The answer to this question depends upon whether the marriage is invalid or valid.
If the marriage is valid (either certainly valid or putatively valid), then the children are legitimate, even if the marriage is subsequently annuled:
Canon 1137 The children conceived or born of a valid or putative[ly valid] marriage are legitimate.
Expressed negatively: If "children [are not] conceived or born of a valid or putative[ly valid] marriage," then they are illegitimate.
The canonist Charles Augustine, O.S.B., D.D.—commentating on 1917 Code canon 1174, which corresponds to the 1983 Code canon 1137—writes in his A Commentary on the New Code of Canon Law book 3, vol. 5, p. 332:
But legitimacy always requires a marriage, whether certainly or putatively valid. A marriage is certainly valid if contracted without an invalidating impediment and according to the form prescribed by the Church. A putatively valid marriage is one contracted with due observance of the prescribed form, but with an invalidating impediment, the existence of which is unknown to one of the parties.
The New Commentary on the Code of Canon Law p. 1259, published in 2000, also describes how "putative marriage" in Canon 1137 specifically means a "putatively valid marriage":
For a marriage to be considered putative, it must have been celebrated according to the required form and, therefore, have the appearance of a marriage. Thus, when a Catholic enters marriage without observing the canonical form and without being dispensed from its observance, the attempted marriage is not considered putative but simply invalid. If, however, the canonical form was observed but was substantially defective (e.g., the official minister was not properly delegated), the marriage would be considered putative.
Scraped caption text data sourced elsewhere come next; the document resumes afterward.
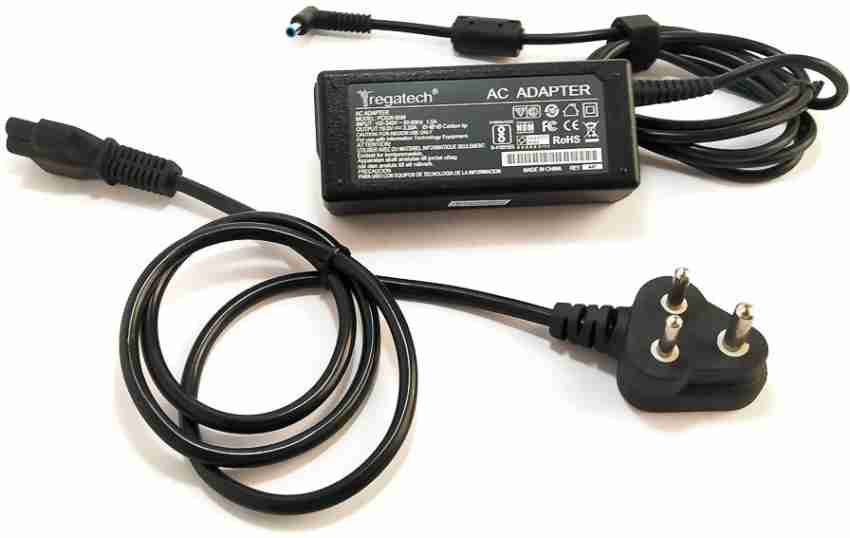 Alimentation Chargeur Adaptateur type HP Elitebook 820 G3 pour portable HP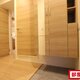 物件画像4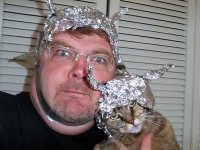 TinFoil_DB52B2F1-0E7F-A983-F0F9D799.jpg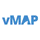 Azimap GIS icon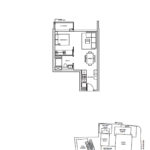 Midtown-Bay-Floor-Plan-7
The most significant effect of a putative marriage is that any children born of it are considered legitimate, even if it is subsequently declared invalid (c. 1137). A putative marriage also enjoys the favor of the law. It remains putative until both spouses become certain of its nullity. Thus, the spouses' doubts, even grave doubts, about the validity of their marriage are not sufficient to deprive it of its status as putative. The spouses on their own may become certain of the invalidity of their marriage because of an impediment. However, most couples become certain that their marriage was invalid because of a defect of consent only through the decision of a church tribunal.